— THE INPUT —
+ + + + +

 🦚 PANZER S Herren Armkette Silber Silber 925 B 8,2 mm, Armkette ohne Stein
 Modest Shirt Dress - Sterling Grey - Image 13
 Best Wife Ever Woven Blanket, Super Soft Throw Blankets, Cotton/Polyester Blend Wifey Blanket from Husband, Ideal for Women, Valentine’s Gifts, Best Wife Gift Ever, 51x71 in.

+ + + + +

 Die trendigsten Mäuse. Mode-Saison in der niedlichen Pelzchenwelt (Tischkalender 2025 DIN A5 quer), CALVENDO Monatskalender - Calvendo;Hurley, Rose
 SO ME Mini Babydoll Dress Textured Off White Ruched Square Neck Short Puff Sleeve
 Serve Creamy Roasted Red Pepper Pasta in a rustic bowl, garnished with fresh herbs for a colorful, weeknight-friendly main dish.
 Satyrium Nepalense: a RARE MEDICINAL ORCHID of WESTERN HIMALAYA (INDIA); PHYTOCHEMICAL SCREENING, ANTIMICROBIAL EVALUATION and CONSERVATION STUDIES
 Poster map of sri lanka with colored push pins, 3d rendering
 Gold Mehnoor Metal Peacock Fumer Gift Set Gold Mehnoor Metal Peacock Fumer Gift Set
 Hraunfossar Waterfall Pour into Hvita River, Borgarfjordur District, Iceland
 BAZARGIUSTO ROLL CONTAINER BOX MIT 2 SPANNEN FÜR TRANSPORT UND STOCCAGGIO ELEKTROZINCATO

+ + + + +

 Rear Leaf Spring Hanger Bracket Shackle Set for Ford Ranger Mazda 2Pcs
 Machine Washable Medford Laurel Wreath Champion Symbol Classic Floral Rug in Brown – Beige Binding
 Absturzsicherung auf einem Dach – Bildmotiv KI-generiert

+ + + + +

— TASK TO CARRY OUT —
Your reply should hold all the lines from the listing above in which "Gift" appears.

— RESPONSE TO THE TASK —
 Best Wife Ever Woven Blanket, Super Soft Throw Blankets, Cotton/Polyester Blend Wifey Blanket from Husband, Ideal for Women, Valentine’s Gifts, Best Wife Gift Ever, 51x71 in.
 Gold Mehnoor Metal Peacock Fumer Gift Set Gold Mehnoor Metal Peacock Fumer Gift Set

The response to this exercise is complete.